Roundup

  • Despite my best efforts, my sleeping schedule has gone to hell again. So here goes the roundup.
  • Rebecca Skloot — one of only four people on the NBCC Board of Directors who actually have a sense of humor — offers this interesting take on what David Halberstam’s untimely death means for the future of student escort drivers. Do we now have the author drive at all times because of one student’s incompetence?
  • Lionel Shriver on Ondaatje. Shriver’s apparently quite surprised that she didn’t have a strong opinion on Divisadero, and I suspect this assessment is telling on its own terms.
  • Even though I don’t possess the required estrogen, I nevertheless felt a microscopic but nonetheless discernible swoon upon listening to Alan Rickman read Sonnet 130. And that’s saying something.

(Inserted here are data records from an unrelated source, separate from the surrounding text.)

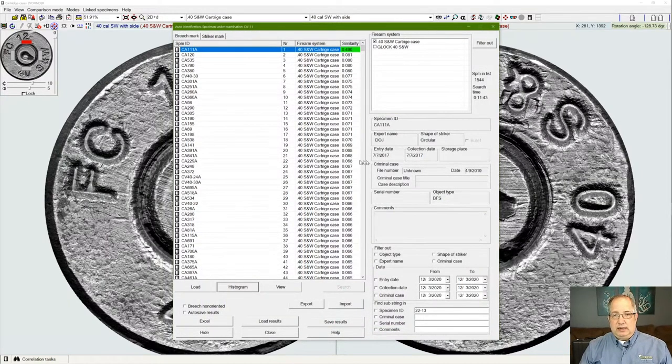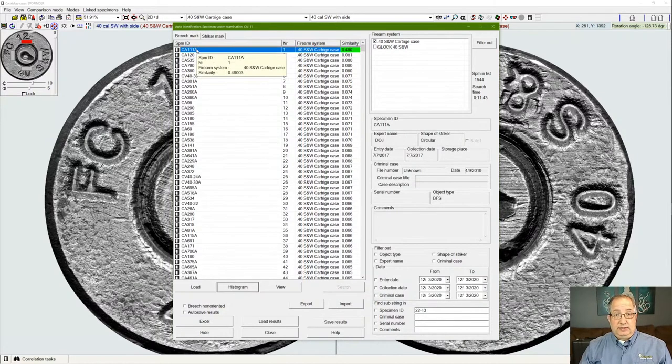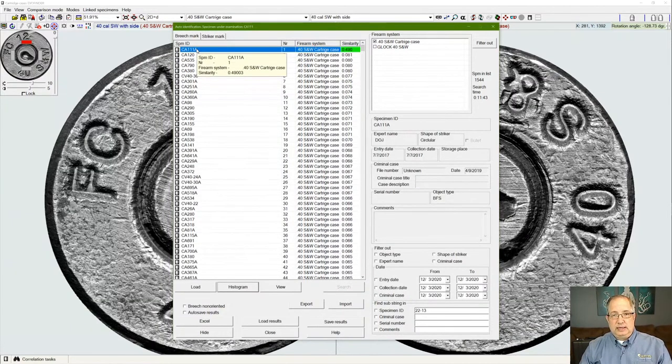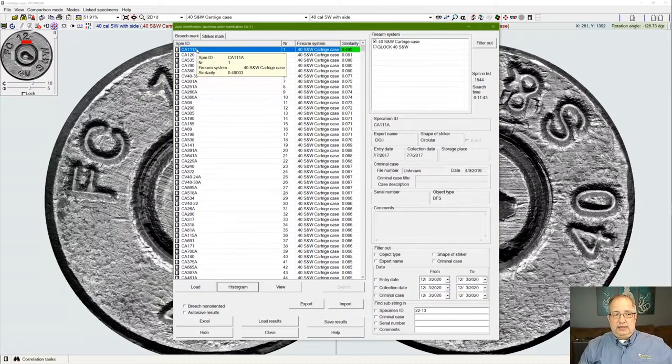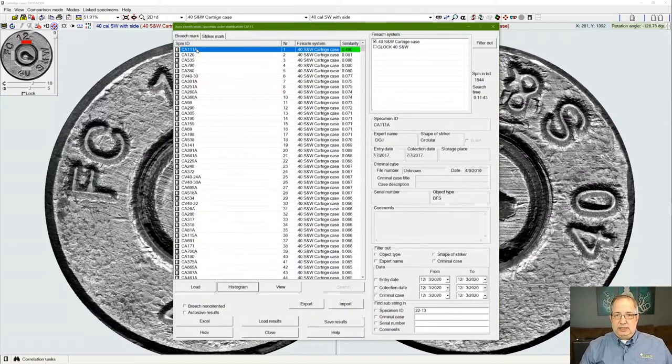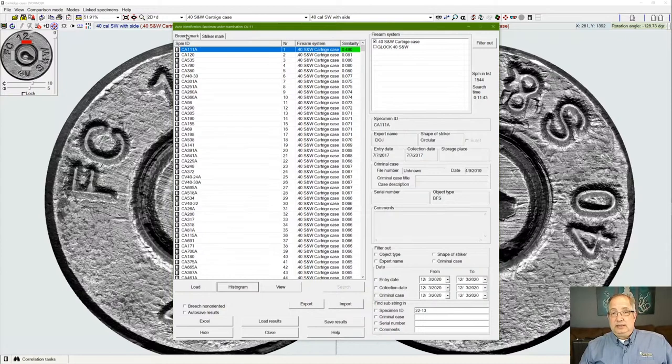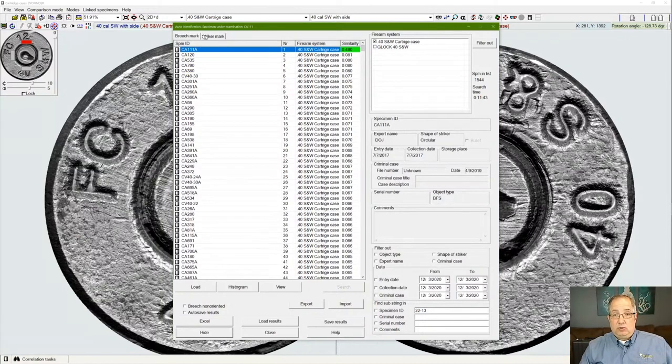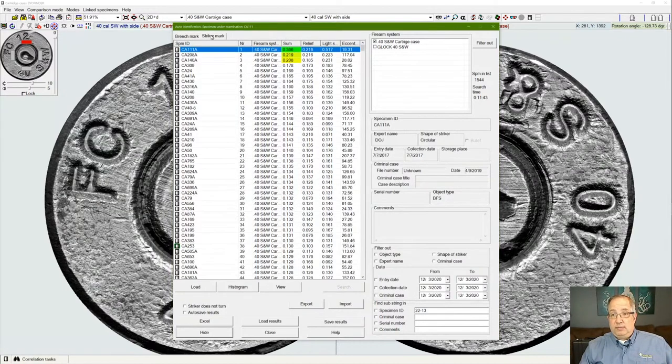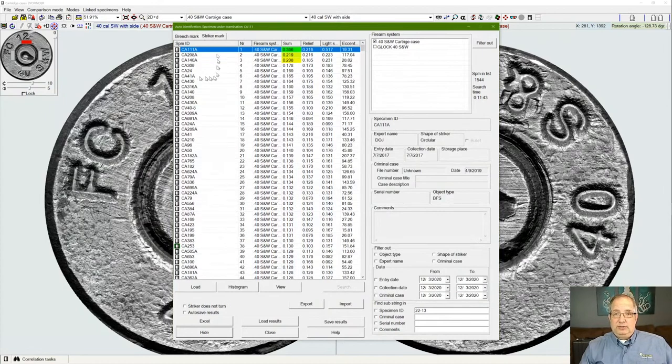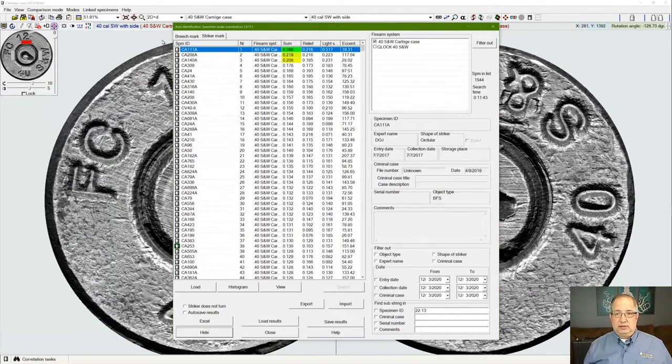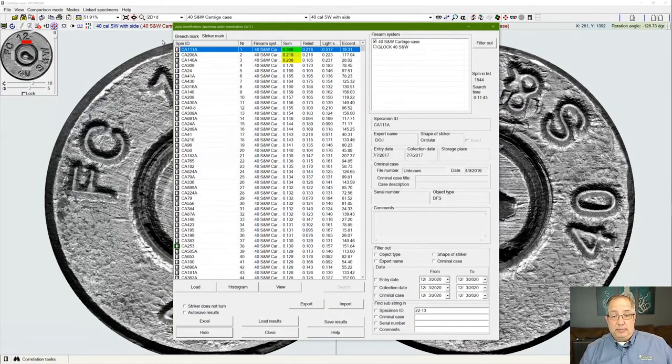Once we have this set up, the software will allow us to either preview the marks on these samples or load them and align them in a way that it calculates to have the greatest similarity between the two samples. We can see the ranking of similarity based on our breach impression or from our striker mark, so we have two different rankings within the list to be able to look for this evaluation of possible match.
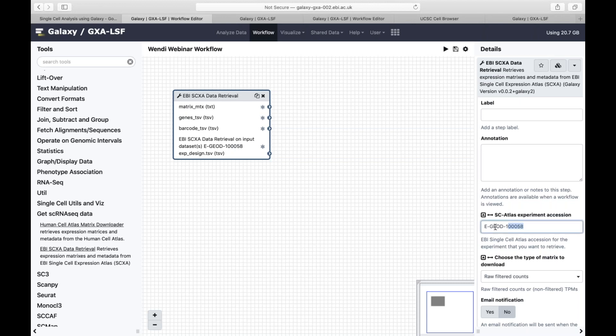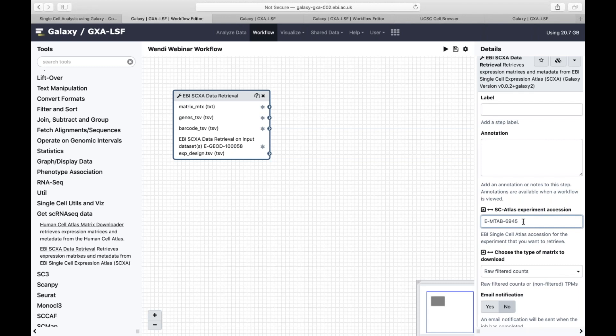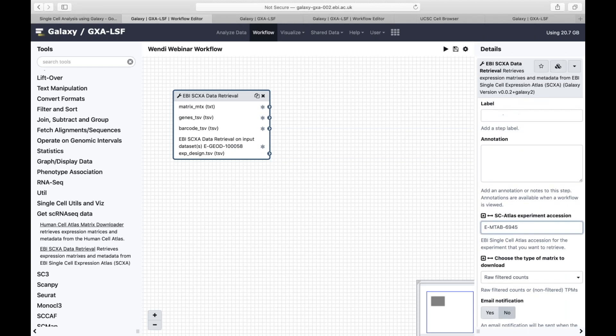The data I'm going to use is from my actual postdoc, because when I first came here and saw the Galaxy pipeline, I plugged in data I'd slaved over for months and was able to redo what had taken me months to understand in about 20 minutes — which was both exciting and a little bittersweet. The accession number is what you can find when looking at datasets in the Single Cell Expression Atlas. There was also a great webinar on that a couple of weeks ago.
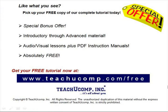Like what you see? Pick up your free copy of the complete tutorial at www.teachucomp.com/free.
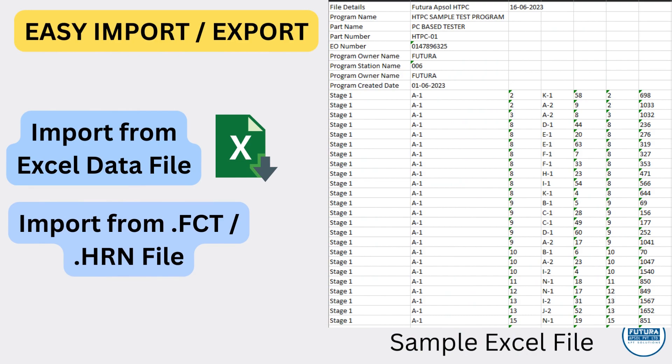Powerful import and export functionality enables us to quickly transfer programs from station to station. We can also import programs from Excel files and other formats.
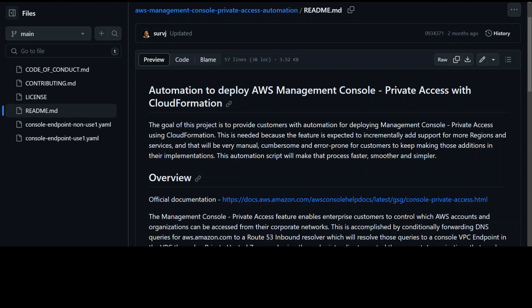Suresh Sabal of AWS has come up with this AWS Management Console Private Access and also has released a CloudFormation around it.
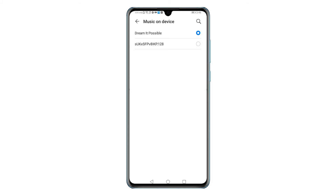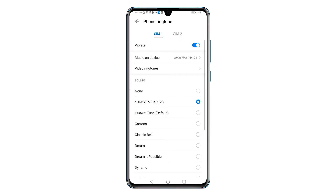If you don't see your preferred song in the list, download it first. Then tap to mark the radio button next to the song title. To apply the changes, simply tap the back key. On the Phone Ringtone menu, you should see your preferred song already selected and set as the new ringtone for the highlighted SIM card.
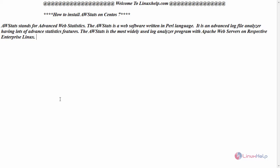Welcome to LinuxHelp.com. Today we are going to see how to install AWStats on CentOS 7. AWStats stands for Advanced Web Statistics, which is a web software written in Perl language.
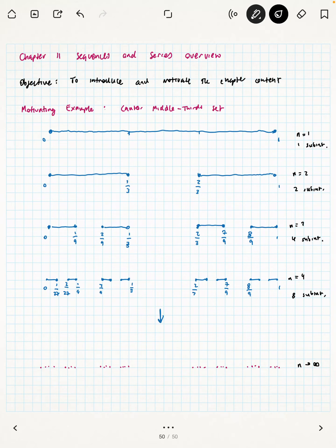You may notice a pattern here — powers of two. Each time, because we're removing the third, we're actually leaving behind two segments where there previously was one. We'll talk about how to represent that later.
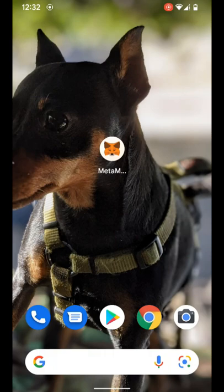What's going on everybody, Kale here at GoodGhosting, gonna do a quick demonstration of what it looks like to use the MetaMask in-app swap feature.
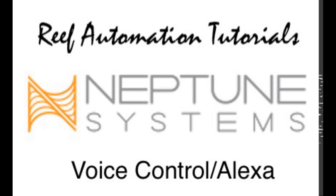Hello everyone, this is another edition of Reef Automation Tutorials for Neptune Systems. Today I'm going to show you how to program voice control.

I’m now wondering if I should listen to audio files of Alan Rickman the next time I make muffins.
  • So how does the New Yorker fare with YouTube? (via OUP)
  • Sorry, folks, but Stephen King is right about the short story.
  • Is Laura Bush the “Reader in Chief?” I think it can be easily argued that there have been plenty of people who “has done more to dramatize the importance of reading, and libraries.” Then again, nobody said Dr. James Billington wasn’t a sycophant. In all fairnes, however, the First Lady’s reading tastes include The Brothers Karamazov, Gilead, and My Antoina. I’m wondering if Ms. Bush might readily identify with the moment in which Dimitri says, “I’m a Karamazov! When I fall into the abyss, I go straight into it, head down and heels up, and I’m even pleased that I’m falling in such a humiliating position, and for me I find it beautiful. And so in that very shame I suddenly begin a hymn. Let me be cursed, let me be base and vile, but let me also kiss the hem of that garment in which my God is clothed; let me be following the devil at the same time, but still I am also your son, Lord, and I love you, and I feel a joy without which the world cannot stand and be.”
  • Are e-books being taken seriously now? Well, given that Sony’s Howard Stringer bears more than a passing resemblance here to Jimmy Swaggart in the accompanying photo, I suspect this is probably hype.
  • I’d just like to publicly declare that Sendhil Ramamurthy is the worst actor I’ve seen on dramatic television in a long while. In fact, he’s so bad that not even Adrian Pasdar or Hayden Panettiere can make him look good. And that’s saying somethign. Come on, Kring, kill off Mohinder already. Every time that one-note twerp appears, I want to send him to the hardest Lee Stasberg-style school in New York. (And, yes, I’m digging Heroes, particularly last season’s flashback episode written by Bryan Fuller. But the show still has serious problems.)
  • Now this is quite interesting. The L.A. Times may be launching a free tabloid newspaper for commuters.
  • Douglas Brinkley has been sued. Penguin wants him to pay back his $200,000 advance because he didn’t deliver his Kerouac bio in time for the 50th anniversary of On the Road. Brinkley, who was a bit busy writing the 736-page The Great Deluge for William Morrow, said that the delay came because he wanted to properly chronicle Kerouac’s life. I’m wondering if this is petty vengeance on Penguin’s part because Brinkley jumped to another publisher. Surely, something could have been settled or worked out and this is quite an extraordinary form of resolution. Kerouac interest has not, to my knowledge, abated. And it’s just possible that this lawsuit might attract interest in the book, which will now be published by HarperCollins after Brinkley finishes it in two years. (via Booklist Online)
  • Fangoria Comics is no more.
  • Is this necessary? Frankly, I can’t see Simon Le Bon and company topping this.
  • And congratulations to Terry Teachout and Hilary Dyson!

4 Comments

  1. Ed:

    1. Shriver on Ondaatje: I dunno, I just finished it. It’s not a masterwork like Anil’s Ghost, but it’s not a minor work, either. It took my breath a couple of times. I was somewhat unsatisfied not to get more about Coop at the end, but really, this isn’t a mild novel, or a pretty object. It’s Ondaatje doing what he do, and it’s fucking lovely. (But that’s just me.)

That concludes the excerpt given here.